I wondered if the onboard SATA controller is just not up to the task since I do not use any HBA and there have been worrying reports on Reddit (much higher cap though) but internal copies seem fine.
I wondered if any of the network hardware is just garbage but I think I ruled that out on server side by testing all of them. I do not know what to do about the probably less-than-ideal Realtek stuff on the client side.
It does not look like a caching issue to me - test files have been ~10 GB, free RAM is available, disks should be faster than 1 Gbit/s on all sides, transfer speed is pretty constant.
It does not really look like a network issue to me - reads seem fine.
Questions:
- Is my expectation just too unrealistic? Am I wrong in expecting >2Gbit/s write performance? Is this just ZFS being ZFS (i.e. not optimized for performance)?
- How can I find out if this is a network/client/server/SMB/ZFS issue?
I am feeling a little bit lost.

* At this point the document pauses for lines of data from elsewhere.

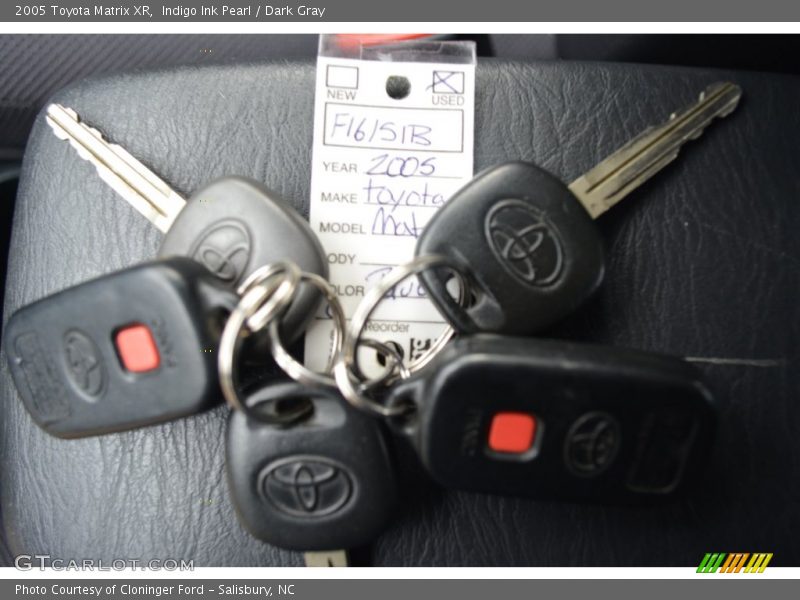 Indigo Ink Pearl / Dark Gray 2005 Toyota Matrix XR
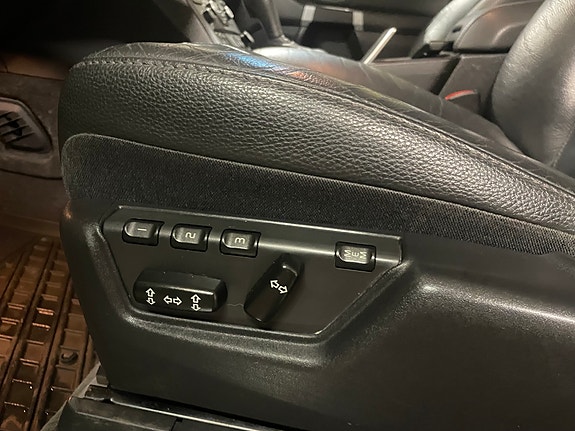 Volvo XC90 15 of 29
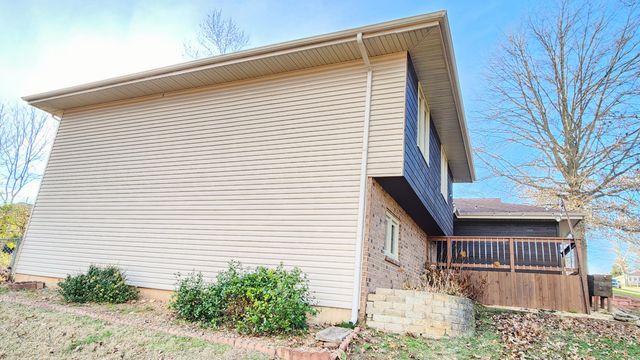 1920 W Murray Drive, Springfield, MO 65810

Any help or directions would be appreciated!
Hardware and TrueNAS config:
Client:
Intel Core i5-13600K
ASUS TUF GAMING B760M-PLUS D4
2x 16 GB DDR4 RAM
WD Red SN700 4 TB
Server:
TrueNAS Scale Dragonfish-24.04.1.1
Intel Core i5-12500
ASUS Pro WS W680-ACE
2x 32 GB ECC RAM
Samsung SSD 980 PRO 500GB
8x WD_Red_SA500_2.5_2TB
Config:
- Storage:
Data VDEVs
1 x RAIDZ1 | 7 wide | 1.82 TiB
Metadata VDEVs
VDEVs not assigned
Log VDEVs
VDEVs not assigned
Cache VDEVs
VDEVs not assigned
Spare VDEVs
1 x 1.82 TiB
Dedup VDEVs
VDEVs not assigned
- 1 dataset with a child SMB share (Dataset preset: Generic, child dataset preset: SMB, Purpose: default share parameters)
- Network:
--- testing: 2.5 Gbit/s interface of server connected directly to 2.5 Gbit/s interface of client, static IPs
--- production: switch TP-Link SG3210X (2x SFP+ 10 GBit/s, 8x RJ45 2.5 Gbit/s) connected to Intel X520 on server (LACP)